# EXERCISE OBJECTIVE
Produce a perfect copy of the listing, matching each line.

# INPUT DATA
════

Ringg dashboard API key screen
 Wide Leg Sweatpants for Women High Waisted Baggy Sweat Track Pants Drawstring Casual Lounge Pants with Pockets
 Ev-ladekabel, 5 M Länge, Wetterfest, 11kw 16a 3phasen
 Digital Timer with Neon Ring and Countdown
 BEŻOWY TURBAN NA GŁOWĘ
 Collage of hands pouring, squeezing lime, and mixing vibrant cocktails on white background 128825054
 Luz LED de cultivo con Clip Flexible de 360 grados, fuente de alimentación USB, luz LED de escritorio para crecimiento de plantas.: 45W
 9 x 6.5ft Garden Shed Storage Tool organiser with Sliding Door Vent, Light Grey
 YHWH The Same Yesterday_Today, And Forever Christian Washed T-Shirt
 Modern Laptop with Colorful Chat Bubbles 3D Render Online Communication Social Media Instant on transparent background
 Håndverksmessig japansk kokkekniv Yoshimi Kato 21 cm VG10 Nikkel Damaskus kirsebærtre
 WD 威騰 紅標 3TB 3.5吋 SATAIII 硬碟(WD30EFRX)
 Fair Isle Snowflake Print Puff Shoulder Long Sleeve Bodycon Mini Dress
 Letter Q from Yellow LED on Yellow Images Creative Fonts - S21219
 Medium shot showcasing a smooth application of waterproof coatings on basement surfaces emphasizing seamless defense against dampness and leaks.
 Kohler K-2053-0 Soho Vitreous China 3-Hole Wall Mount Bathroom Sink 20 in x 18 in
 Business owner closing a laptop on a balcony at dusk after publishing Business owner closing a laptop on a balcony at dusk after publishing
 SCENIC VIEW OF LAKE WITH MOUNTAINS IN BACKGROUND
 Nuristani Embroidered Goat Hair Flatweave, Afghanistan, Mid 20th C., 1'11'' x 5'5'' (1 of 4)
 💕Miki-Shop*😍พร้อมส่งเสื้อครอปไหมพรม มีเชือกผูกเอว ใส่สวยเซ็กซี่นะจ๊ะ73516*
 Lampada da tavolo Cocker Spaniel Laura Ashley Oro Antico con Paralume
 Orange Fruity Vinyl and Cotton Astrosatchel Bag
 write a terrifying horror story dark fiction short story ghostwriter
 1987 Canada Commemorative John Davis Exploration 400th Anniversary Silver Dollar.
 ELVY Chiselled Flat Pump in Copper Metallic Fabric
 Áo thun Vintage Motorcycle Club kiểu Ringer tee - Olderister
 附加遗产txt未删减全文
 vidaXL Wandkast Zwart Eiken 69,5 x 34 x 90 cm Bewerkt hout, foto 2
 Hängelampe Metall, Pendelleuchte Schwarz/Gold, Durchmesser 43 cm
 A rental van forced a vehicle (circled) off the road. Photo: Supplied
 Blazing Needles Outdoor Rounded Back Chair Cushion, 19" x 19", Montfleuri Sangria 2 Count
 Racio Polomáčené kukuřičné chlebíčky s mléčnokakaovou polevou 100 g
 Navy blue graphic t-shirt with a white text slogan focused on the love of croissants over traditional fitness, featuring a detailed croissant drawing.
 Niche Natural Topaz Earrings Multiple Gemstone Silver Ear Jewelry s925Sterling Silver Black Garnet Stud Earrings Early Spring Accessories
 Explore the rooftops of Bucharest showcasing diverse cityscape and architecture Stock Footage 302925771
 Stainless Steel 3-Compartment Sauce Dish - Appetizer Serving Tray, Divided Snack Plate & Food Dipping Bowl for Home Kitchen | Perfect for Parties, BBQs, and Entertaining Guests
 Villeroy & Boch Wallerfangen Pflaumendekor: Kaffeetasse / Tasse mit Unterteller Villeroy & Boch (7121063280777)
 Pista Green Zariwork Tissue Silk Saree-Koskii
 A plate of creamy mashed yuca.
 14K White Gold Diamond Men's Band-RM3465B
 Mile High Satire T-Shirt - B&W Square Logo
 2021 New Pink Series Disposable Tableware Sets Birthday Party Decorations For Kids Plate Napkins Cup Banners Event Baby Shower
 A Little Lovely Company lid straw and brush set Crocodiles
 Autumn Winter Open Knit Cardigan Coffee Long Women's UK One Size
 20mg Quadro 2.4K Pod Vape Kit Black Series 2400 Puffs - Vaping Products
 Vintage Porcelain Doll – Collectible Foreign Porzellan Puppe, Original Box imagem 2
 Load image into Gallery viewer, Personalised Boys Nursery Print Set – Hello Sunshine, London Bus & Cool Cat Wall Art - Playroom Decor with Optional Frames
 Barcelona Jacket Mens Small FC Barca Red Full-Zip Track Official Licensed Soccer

════

# RESPONSE TO THIS TASK
Ringg dashboard API key screen
 Wide Leg Sweatpants for Women High Waisted Baggy Sweat Track Pants Drawstring Casual Lounge Pants with Pockets
 Ev-ladekabel, 5 M Länge, Wetterfest, 11kw 16a 3phasen
 Digital Timer with Neon Ring and Countdown
 BEŻOWY TURBAN NA GŁOWĘ
 Collage of hands pouring, squeezing lime, and mixing vibrant cocktails on white background 128825054
 Luz LED de cultivo con Clip Flexible de 360 grados, fuente de alimentación USB, luz LED de escritorio para crecimiento de plantas.: 45W
 9 x 6.5ft Garden Shed Storage Tool organiser with Sliding Door Vent, Light Grey
 YHWH The Same Yesterday_Today, And Forever Christian Washed T-Shirt
 Modern Laptop with Colorful Chat Bubbles 3D Render Online Communication Social Media Instant on transparent background
 Håndverksmessig japansk kokkekniv Yoshimi Kato 21 cm VG10 Nikkel Damaskus kirsebærtre
 WD 威騰 紅標 3TB 3.5吋 SATAIII 硬碟(WD30EFRX)
 Fair Isle Snowflake Print Puff Shoulder Long Sleeve Bodycon Mini Dress
 Letter Q from Yellow LED on Yellow Images Creative Fonts - S21219
 Medium shot showcasing a smooth application of waterproof coatings on basement surfaces emphasizing seamless defense against dampness and leaks.
 Kohler K-2053-0 Soho Vitreous China 3-Hole Wall Mount Bathroom Sink 20 in x 18 in
 Business owner closing a laptop on a balcony at dusk after publishing Business owner closing a laptop on a balcony at dusk after publishing
 SCENIC VIEW OF LAKE WITH MOUNTAINS IN BACKGROUND
 Nuristani Embroidered Goat Hair Flatweave, Afghanistan, Mid 20th C., 1'11'' x 5'5'' (1 of 4)
 💕Miki-Shop*😍พร้อมส่งเสื้อครอปไหมพรม มีเชือกผูกเอว ใส่สวยเซ็กซี่นะจ๊ะ73516*
 Lampada da tavolo Cocker Spaniel Laura Ashley Oro Antico con Paralume
 Orange Fruity Vinyl and Cotton Astrosatchel Bag
 write a terrifying horror story dark fiction short story ghostwriter
 1987 Canada Commemorative John Davis Exploration 400th Anniversary Silver Dollar.
 ELVY Chiselled Flat Pump in Copper Metallic Fabric
 Áo thun Vintage Motorcycle Club kiểu Ringer tee - Olderister
 附加遗产txt未删减全文
 vidaXL Wandkast Zwart Eiken 69,5 x 34 x 90 cm Bewerkt hout, foto 2
 Hängelampe Metall, Pendelleuchte Schwarz/Gold, Durchmesser 43 cm
 A rental van forced a vehicle (circled) off the road. Photo: Supplied
 Blazing Needles Outdoor Rounded Back Chair Cushion, 19" x 19", Montfleuri Sangria 2 Count
 Racio Polomáčené kukuřičné chlebíčky s mléčnokakaovou polevou 100 g
 Navy blue graphic t-shirt with a white text slogan focused on the love of croissants over traditional fitness, featuring a detailed croissant drawing.
 Niche Natural Topaz Earrings Multiple Gemstone Silver Ear Jewelry s925Sterling Silver Black Garnet Stud Earrings Early Spring Accessories
 Explore the rooftops of Bucharest showcasing diverse cityscape and architecture Stock Footage 302925771
 Stainless Steel 3-Compartment Sauce Dish - Appetizer Serving Tray, Divided Snack Plate & Food Dipping Bowl for Home Kitchen | Perfect for Parties, BBQs, and Entertaining Guests
 Villeroy & Boch Wallerfangen Pflaumendekor: Kaffeetasse / Tasse mit Unterteller Villeroy & Boch (7121063280777)
 Pista Green Zariwork Tissue Silk Saree-Koskii
 A plate of creamy mashed yuca.
 14K White Gold Diamond Men's Band-RM3465B
 Mile High Satire T-Shirt - B&W Square Logo
 2021 New Pink Series Disposable Tableware Sets Birthday Party Decorations For Kids Plate Napkins Cup Banners Event Baby Shower
 A Little Lovely Company lid straw and brush set Crocodiles
 Autumn Winter Open Knit Cardigan Coffee Long Women's UK One Size
 20mg Quadro 2.4K Pod Vape Kit Black Series 2400 Puffs - Vaping Products
 Vintage Porcelain Doll – Collectible Foreign Porzellan Puppe, Original Box imagem 2
 Load image into Gallery viewer, Personalised Boys Nursery Print Set – Hello Sunshine, London Bus & Cool Cat Wall Art - Playroom Decor with Optional Frames
 Barcelona Jacket Mens Small FC Barca Red Full-Zip Track Official Licensed Soccer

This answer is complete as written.